> [Exercise aim]:
Print exactly the lines from the one containing "Hecht 08025 LOCSOLÓ" through the last line of the records below, both included, and nothing else; omit any pictures.

*** The data ***

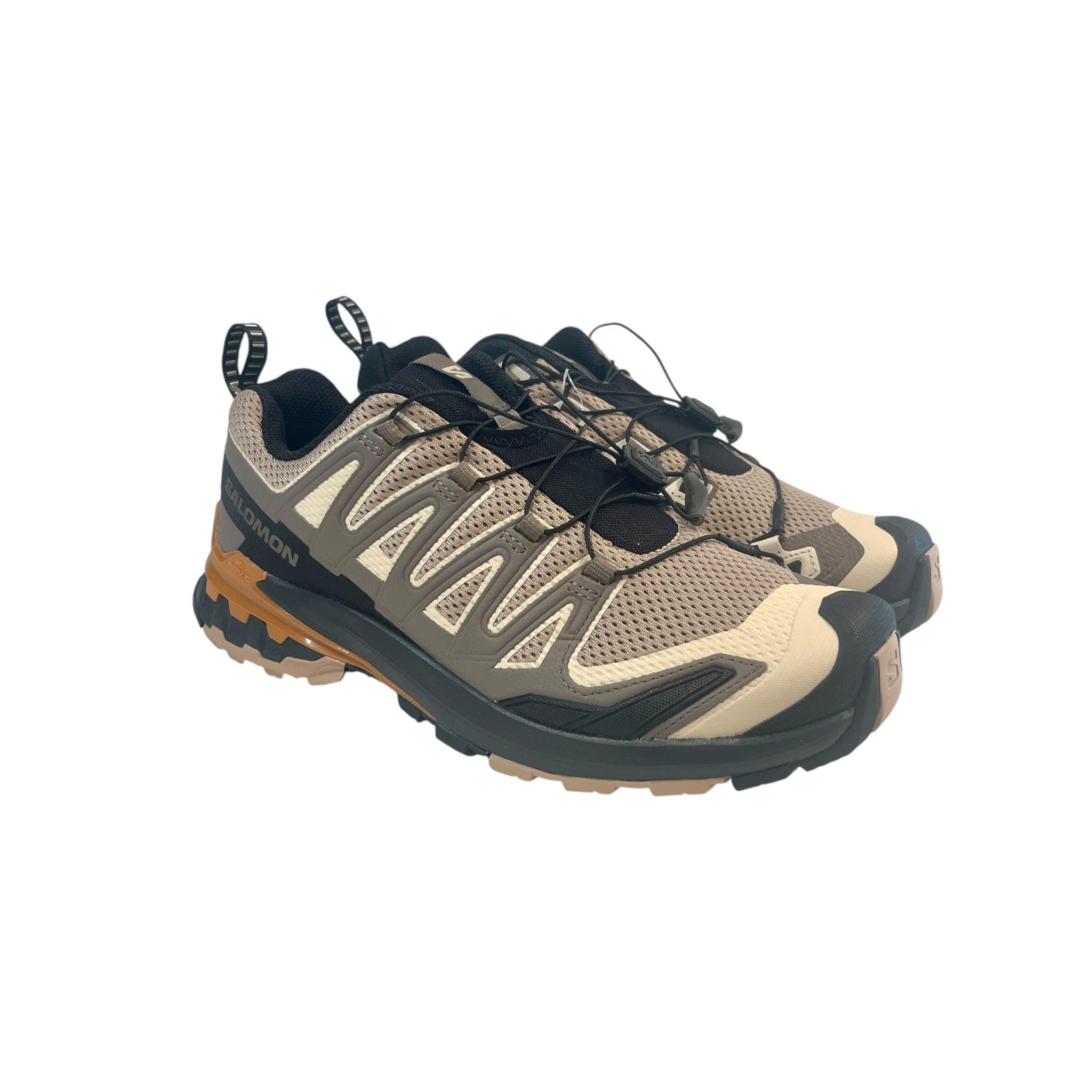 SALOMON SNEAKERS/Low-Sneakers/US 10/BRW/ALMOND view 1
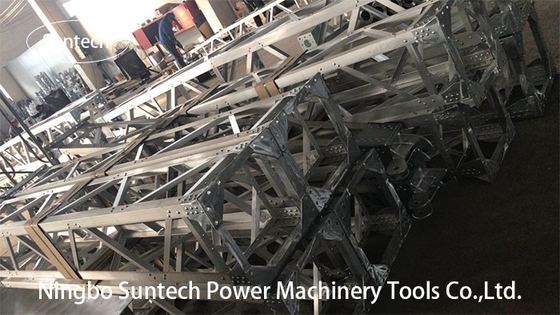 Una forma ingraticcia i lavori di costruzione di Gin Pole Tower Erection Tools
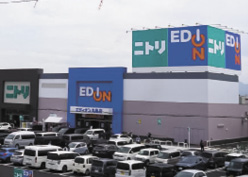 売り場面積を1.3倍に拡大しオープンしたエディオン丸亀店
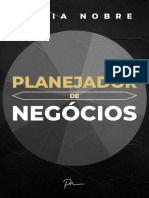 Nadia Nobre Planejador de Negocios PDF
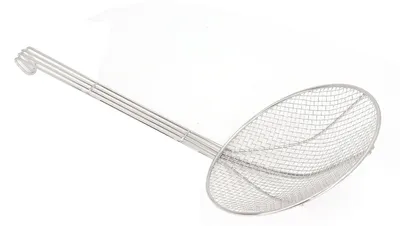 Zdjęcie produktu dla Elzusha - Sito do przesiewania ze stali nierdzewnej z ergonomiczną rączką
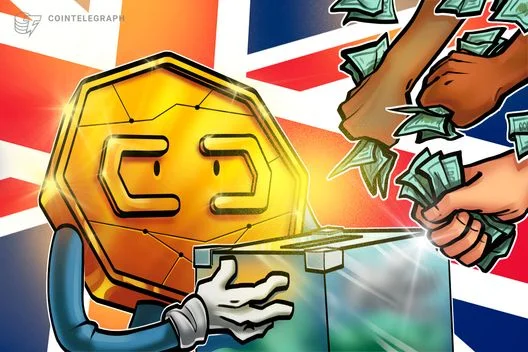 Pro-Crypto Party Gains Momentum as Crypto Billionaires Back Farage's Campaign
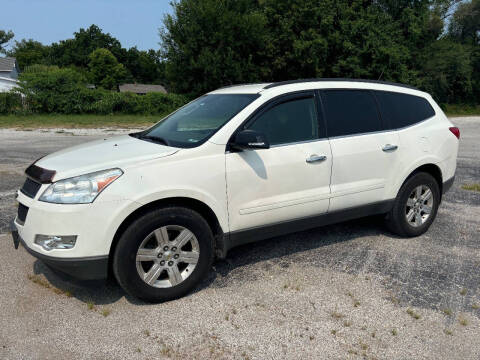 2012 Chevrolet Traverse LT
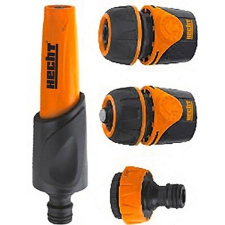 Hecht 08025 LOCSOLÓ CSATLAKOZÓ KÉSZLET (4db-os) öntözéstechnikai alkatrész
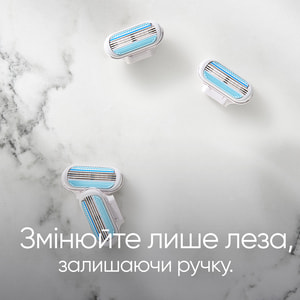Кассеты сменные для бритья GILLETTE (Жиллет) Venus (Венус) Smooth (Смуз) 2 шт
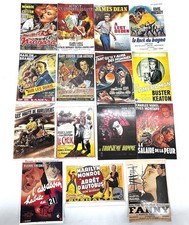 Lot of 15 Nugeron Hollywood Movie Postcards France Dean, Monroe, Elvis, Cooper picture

***

> [Finished exercise]:
 Hecht 08025 LOCSOLÓ CSATLAKOZÓ KÉSZLET (4db-os) öntözéstechnikai alkatrész
Кассеты сменные для бритья GILLETTE (Жиллет) Venus (Венус) Smooth (Смуз) 2 шт
 Lot of 15 Nugeron Hollywood Movie Postcards France Dean, Monroe, Elvis, Cooper picture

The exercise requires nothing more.